Furthermore, since a part of the metal thin film 1 is made of the same kind of metal oxide, the metal Fill! The adhesion between copper foil 1 and copper foil 2 can be increased, and wear resistance can be improved. As a result, reliability of environmental resistance can be further improved.

In addition, since a vacuum evaporation method was used to form the metal thin film l,
Compared to forming a metal thin film by a wet method, the metal thin film 1 can be formed in an extremely short time, the number of manufacturing steps can be reduced, and productivity can be improved.

Next, a second embodiment of the electromagnetic shielding material of the present invention will be described based on FIG. 4. This electromagnetic shielding material is
On both sides of the copper foil 2, similar to the first embodiment shown in FIG.
A metal thin film 1 made of tin is formed, and a part of the metal thin film 1 is made of tin oxide, which is a metal oxide of the same kind. The functions and effects of the electromagnetic shielding material of the second embodiment are similar to those of the electromagnetic shielding material of the first embodiment.

In the first and second embodiments, the metal thin film 1 made of tin was formed on the surface of the fl foil 2, but the first Similarly to the second embodiment, a metal thin film is formed, and a part of the metal thin film is further covered with the same metal oxide [nickel oxide (nickel oxide)].
NtOx) or chromium oxide (Crux) may be used.

Further, in the electromagnetic shielding material of the first embodiment, the dimensions and amounts of the materials of the electromagnetic shielding material and the dimensions of the electric wire shielding structure are specifically shown, but the present invention is not limited to these. Moreover, although the electromagnetic wave shielding material is used for the electric wire 8 to form a shielded electric wire, the object to be used as the electromagnetic wave shielding material is not limited to electric wires.

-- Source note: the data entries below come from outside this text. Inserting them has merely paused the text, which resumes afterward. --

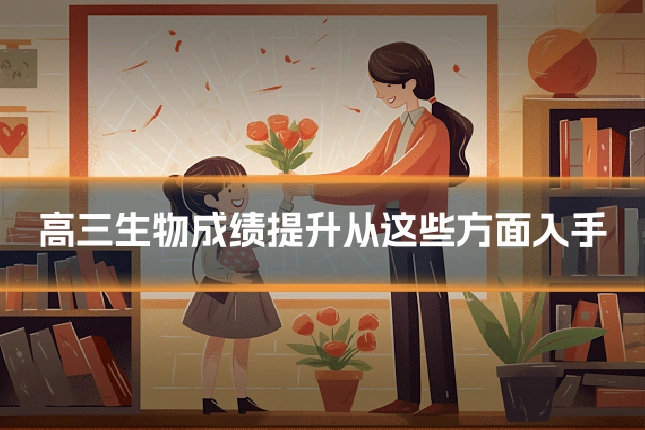 高三生物成绩提升从这些方面入手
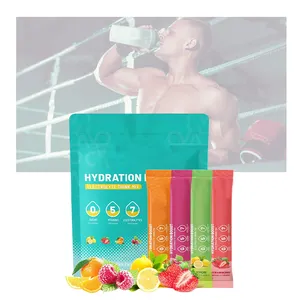 Veganistische Elektrolyt Hydratatie Poeder Oem Natuur Smaak Elektrolyt Pre Workout Supplementen Elektrolyt Poeder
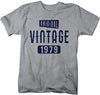 Shirts By Sarah Men's Original Vintage Birthday Year Shirts Made In 1979 T-Shirt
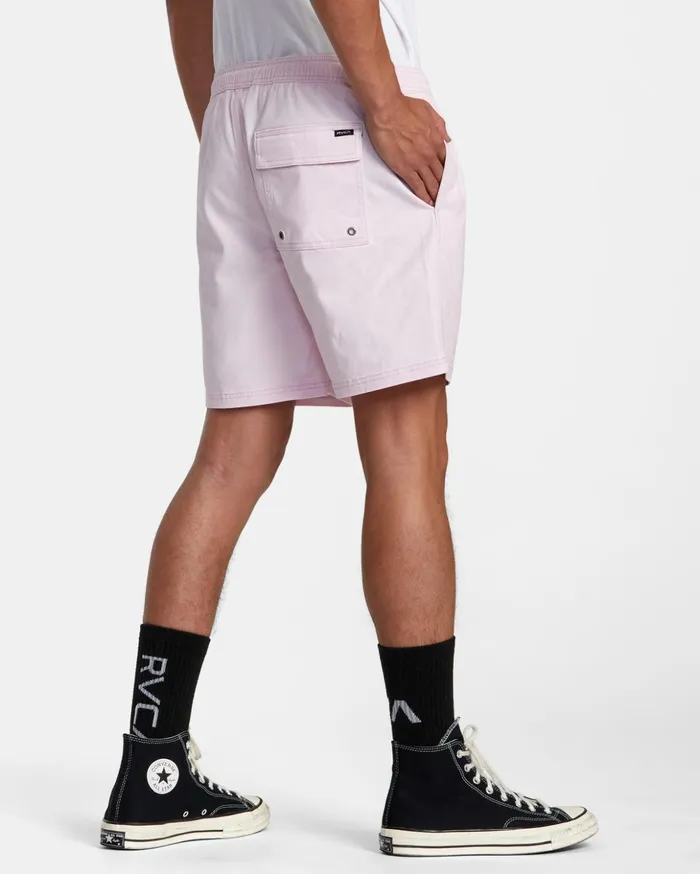 RVCA Shorts Hybrids Escape Elastic Waist Walkshorts 17 Light Pink 8211 Men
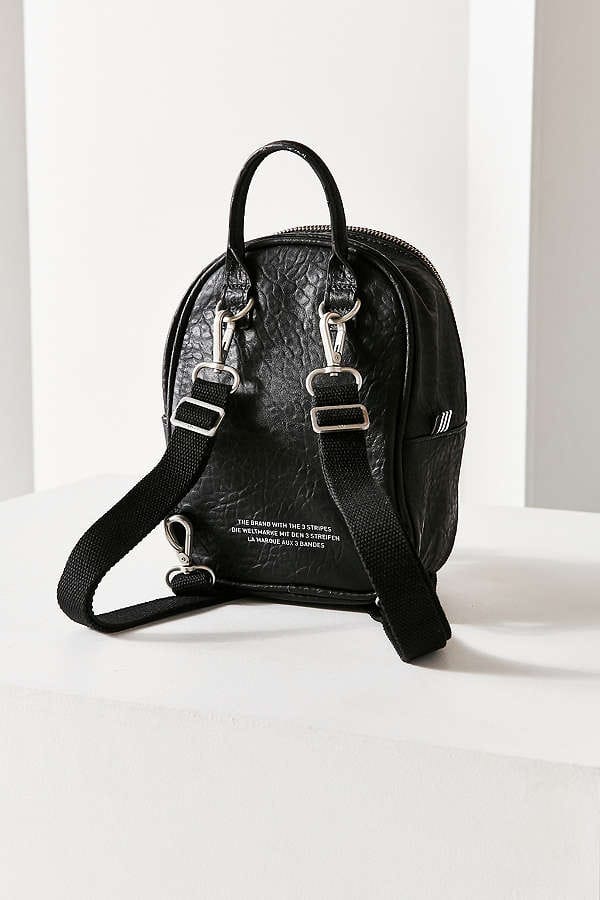 adidas mini backpack black leather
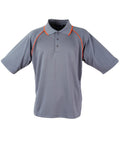 Champion Polo Men's PS20  Winning Spirit Charcoal Orange S 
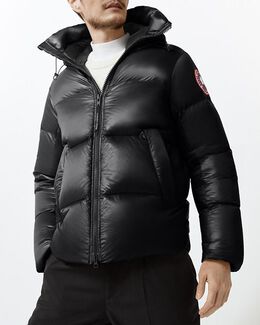 Canada Goose: Чёрная куртка Crofton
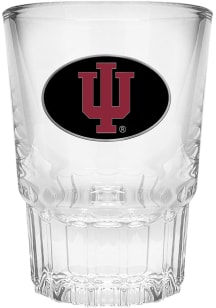 Indiana Hoosiers 2oz Metal Emblem Shot Glass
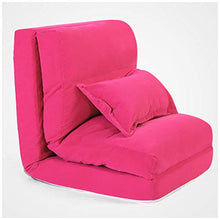 MeiMei Divano Letto Singolo Divano Letto Pieghevole Multifunzionale Creativo (Color : Pink, Dimensione : 220X90X18cm)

Further, in the first and second embodiments, the metal thin film 1 was formed on the surface of the copper foil 2 by vacuum evaporation, but the method for forming the metal thin film is not limited to vacuum evaporation.

〔Effect of the invention〕

The electromagnetic shielding material of this invention has a metal thin film selected from tin, nickel, and chromium formed on the surface of copper foil.
Copper foil can be protected from the external atmosphere with a metal thin film that has good environmental resistance. As a result, corrosion of the copper foil can be prevented, and deterioration of electromagnetic shielding characteristics over time can be reduced.

Furthermore, when the metal thin film contains an oxide of the same kind of metal, the adhesion strength between the metal thin film and the copper foil can be increased, and the wear resistance can be increased.

As a result, it can be made to have even higher environmental resistance and reliability.

[Brief explanation of drawings]

1 is a perspective view of the first embodiment of the present invention, FIG. 2 is a perspective view showing the structure of an electric wire using the electromagnetic shielding material of FIG. 1, and FIG. 3 is a perspective view of the electromagnetic shielding material of FIG. 1. A conceptual diagram of a semi-continuous winding type vacuum evaporation machine for explaining the manufacturing method, Fig. 4 is a perspective view of the second embodiment of the present invention, and Fig. 5 is a conventional electromagnetic shielding material made of a single copper foil. FIG. 6 is a perspective view showing the structure of a conventional shielded wire, and FIG. 7 is a perspective view of a conventional electromagnetic shielding material in which copper foil is coated with polyethylene terephthalate. 1... Metal thin film, 2... Copper foil Figure 2 Figure 3 Figure Figure Figure Figure Figure

Claims (2)

[Claims] (1) An electromagnetic shielding material characterized by forming a thin metal film selected from tin, nickel and chromium on the surface of copper foil. (2) The electromagnetic shielding material according to claim (1), wherein the metal thin film contains an oxide of the same kind of metal.